Dataset entries Start Marker
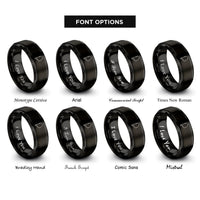 font options for inside engraving on black south korea rings
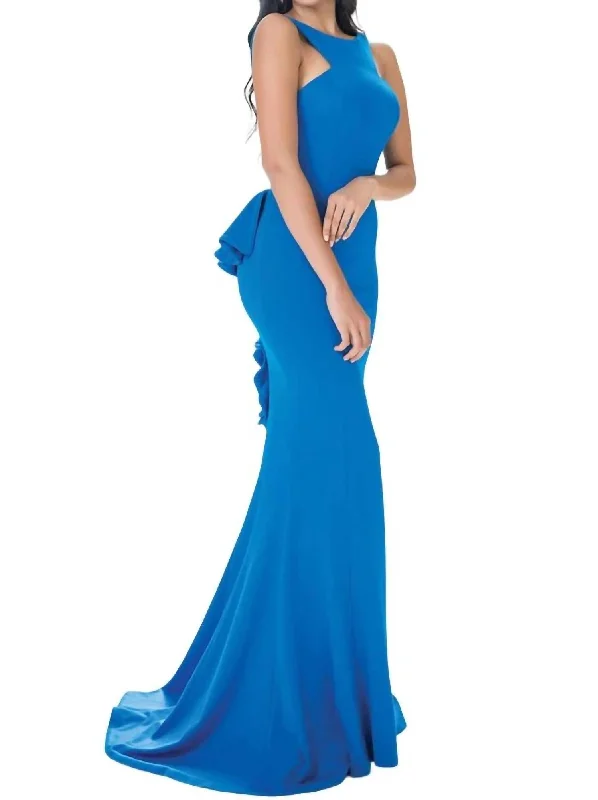 Crazy Deals casual day dressHigh Front Low Back With Ruffles Dress In Teal Blue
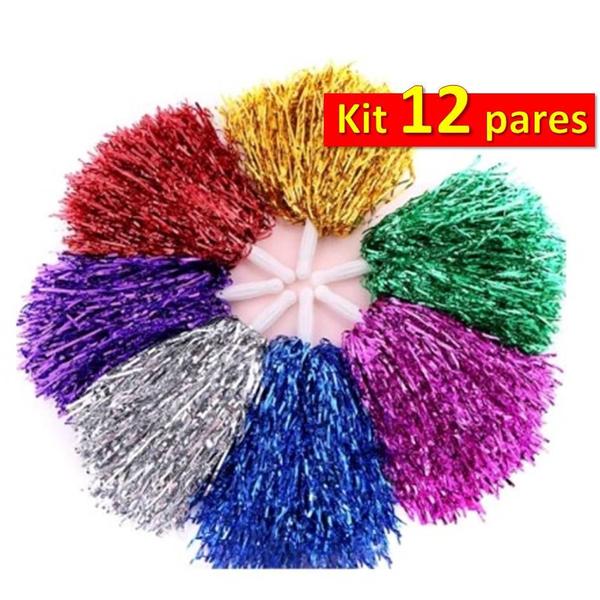 Imagem de Kit 12 Pares PomPom Metalizado Mamãe Sacode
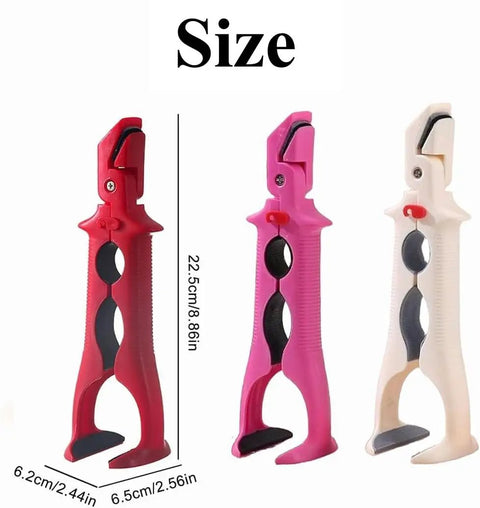 Heavy Duty 3 In 1 Kitchen Lift Tool With Sure Fire Non Slip Heat Safe Grip For Holding Bowls Casseroles Pot Lids And Bottle Caps Quick Mixing Sidekick And Serving Essential In Bright Red, shown with size dimensions.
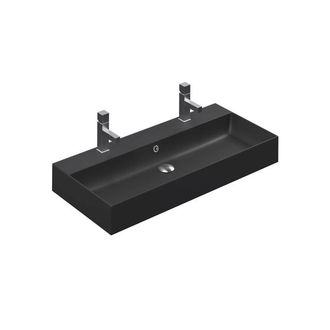 Thebalux Aura, 100cm, wastafel 2x kr gat, keramiek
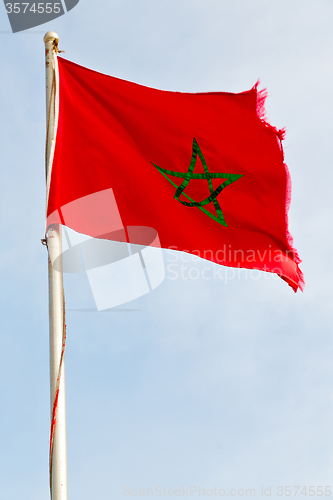 Image of tunisia  flag in the blue sky  colour and wave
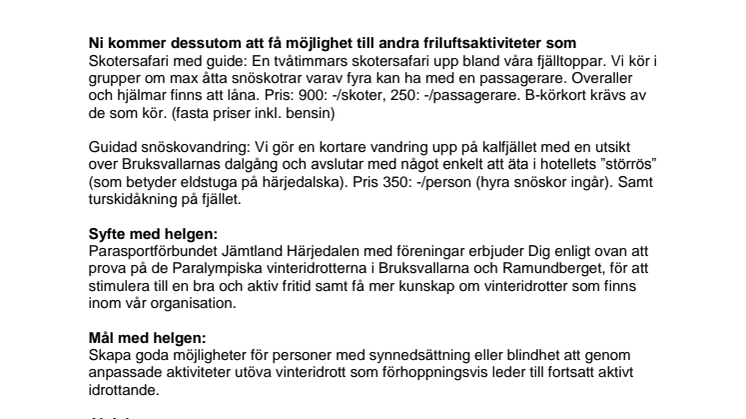 Vinterparalympiskt läger för synskadade ungdomar i Funäsfjällen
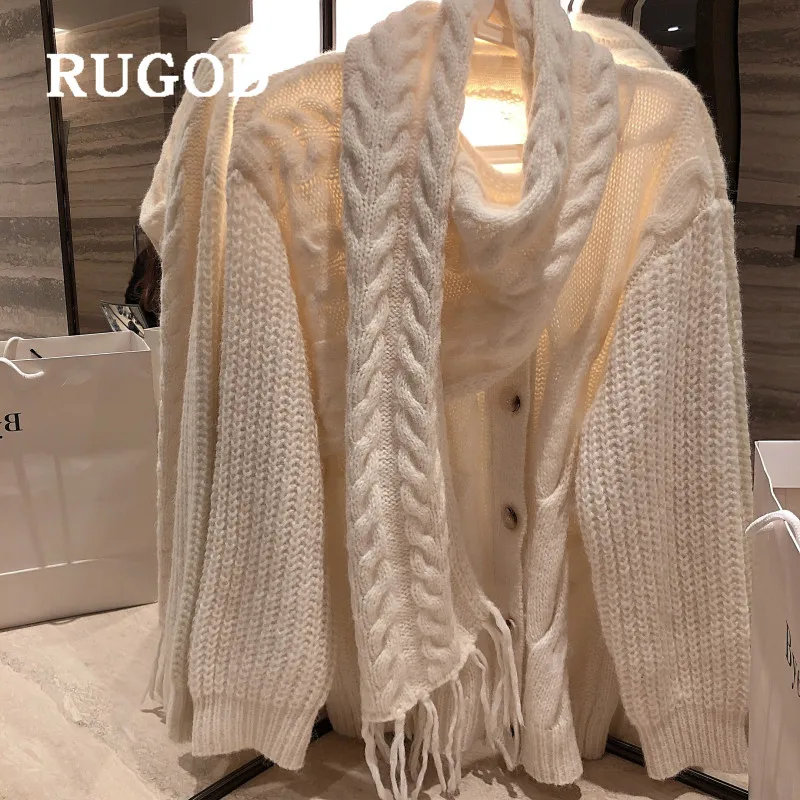 RUGOD Elegant Long Cardigan Twist Pattern Sweater Womens Sweaters 2019 Winter Tops For Women Knitwear Fashion Kpop Clothes |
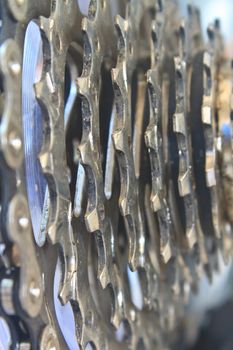Bicycle gears, Rear mountain bike cassette on the wheel with chain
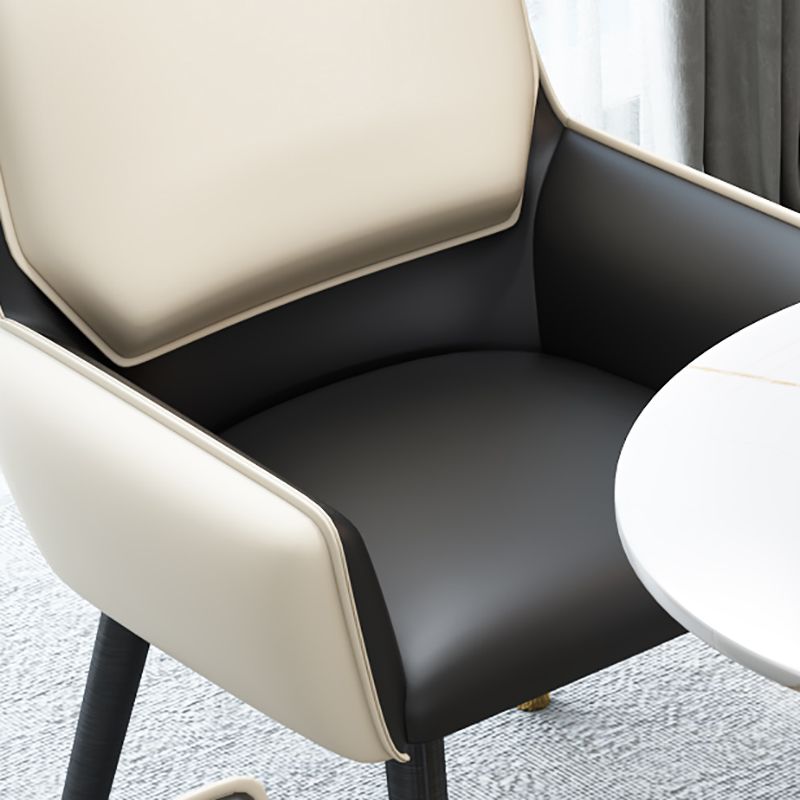 Glam Style Sintered Stone Dining Set Round 1/2/3/4/5 Pieces Dining Table Set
Dataset entries End Marker
_Exercise objective_: Write out the lines from the line with "Imagem de Kit" through the end of the records exactly; do not include pictures or any other lines.

_Solution to this problem_:
 Imagem de Kit 12 Pares PomPom Metalizado Mamãe Sacode
 Heavy Duty 3 In 1 Kitchen Lift Tool With Sure Fire Non Slip Heat Safe Grip For Holding Bowls Casseroles Pot Lids And Bottle Caps Quick Mixing Sidekick And Serving Essential In Bright Red, shown with size dimensions.
 Thebalux Aura, 100cm, wastafel 2x kr gat, keramiek
 Image of tunisia  flag in the blue sky  colour and wave
 Vinterparalympiskt läger för synskadade ungdomar i Funäsfjällen
 RUGOD Elegant Long Cardigan Twist Pattern Sweater Womens Sweaters 2019 Winter Tops For Women Knitwear Fashion Kpop Clothes |
Bicycle gears, Rear mountain bike cassette on the wheel with chain
 Glam Style Sintered Stone Dining Set Round 1/2/3/4/5 Pieces Dining Table Set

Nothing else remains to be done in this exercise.